Mix Automations in Orchestral Music
Mix Automations are pretty common in music productions. It basically means that you program parameters of the mix (like fader levels, pan, reverbs etc.) to change automatically during the course of the track, e.g. raising the levels of one instruments during the chorus and moving it back during verses. This can help to create a specific sound or dramaturgic idea in the mix.
With orchestral music, things are a little different. The ideal should be to do as little volume automation as possible with such music. In recordings of classical music automation should be avoided completely. Reasons for that are that the way orchestras are recorded you will usually not have isolated signals that you can move independently.
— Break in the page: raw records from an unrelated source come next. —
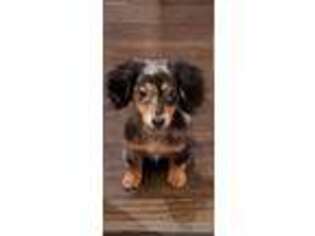 Dachshund Puppy for sale in Jackson Heights, NY, USA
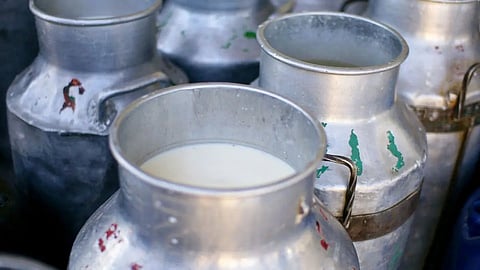 Milk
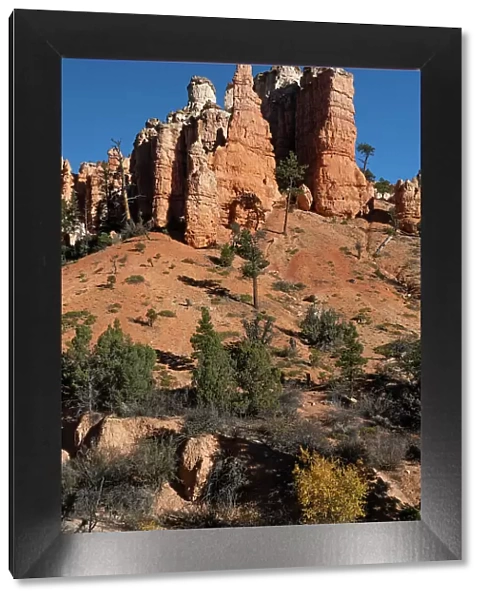 USA, Utah. Pinyon pine and hoodoos, Bryce Canyon National Park. Date: 18-10-2020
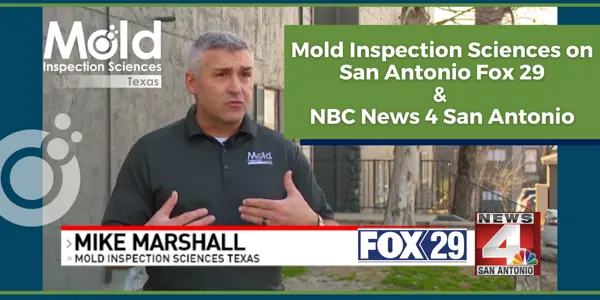 In the News: Fighting Mold Problems in Your Home with Mold Inspection Sciences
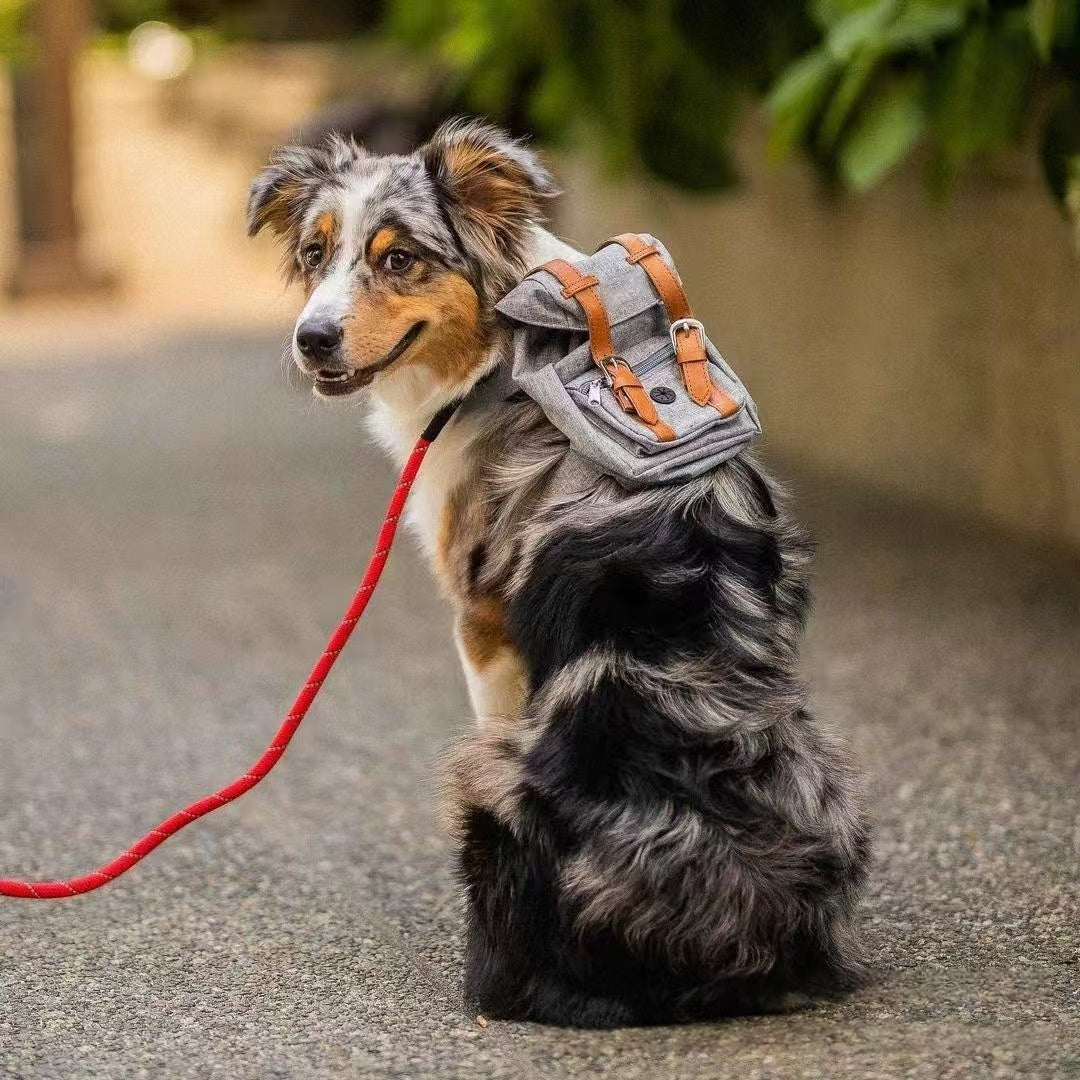Retro Streetwear Dog Backpack Petite Pet Carrier
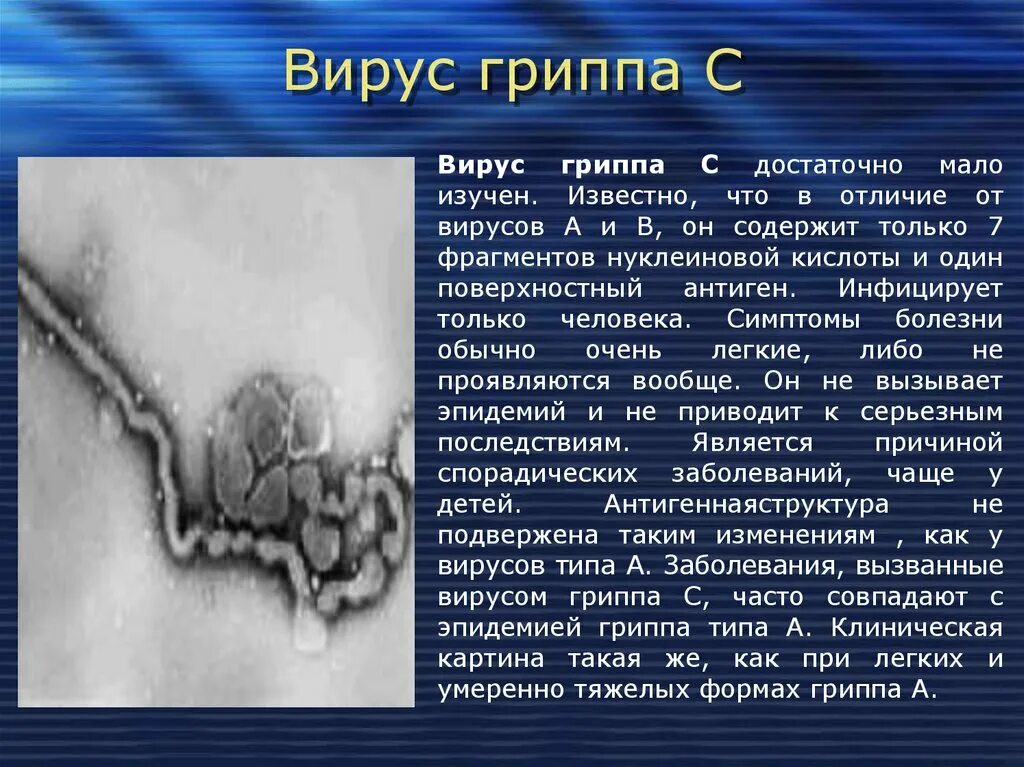Сообщение о любом вирусе. Информация о вирусах. сообщение о вирусах. вирусы доклад. сообщение о вирусе по биологии.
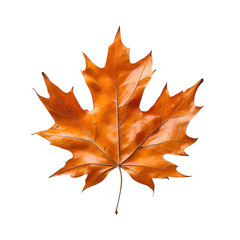 Obraz premium maple leaf isolated on white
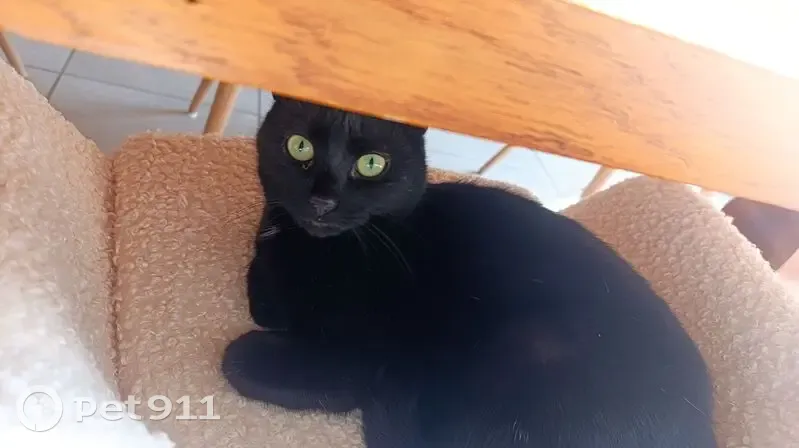 Chatte noire perdue à Nevers - photo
It will generally work to raise signals in a narrow range on spot mics to give a little more definition or volume to the player or section and it will also work to automate volume on all mics simultaneously to shape big dynamic arks like tutti crescendos but all of this should stay within reasonable limits.
Automations on other paramenters are a little more forgiving except panning automations (which is only reasonable to pull soloists who sit off center closer into the center). What actually works quite nicely is to raise the level of reverb (or even add specific reverb) on the spot mic in solo lines to give that solo a little bit more shine and “drama”. Also, EQ automations when needed (e.g. to control a frequency buildup only in problematic passages) are usually not as problematic.
Of course, always use your ear to determine whether all these automations are still believeable. As stated earlier, a good recording of good musicians playing a well orchestrated and balanced piece of music should not need much of that so rather than tackling any problems on the mix level, try to catch them already in the steps before that.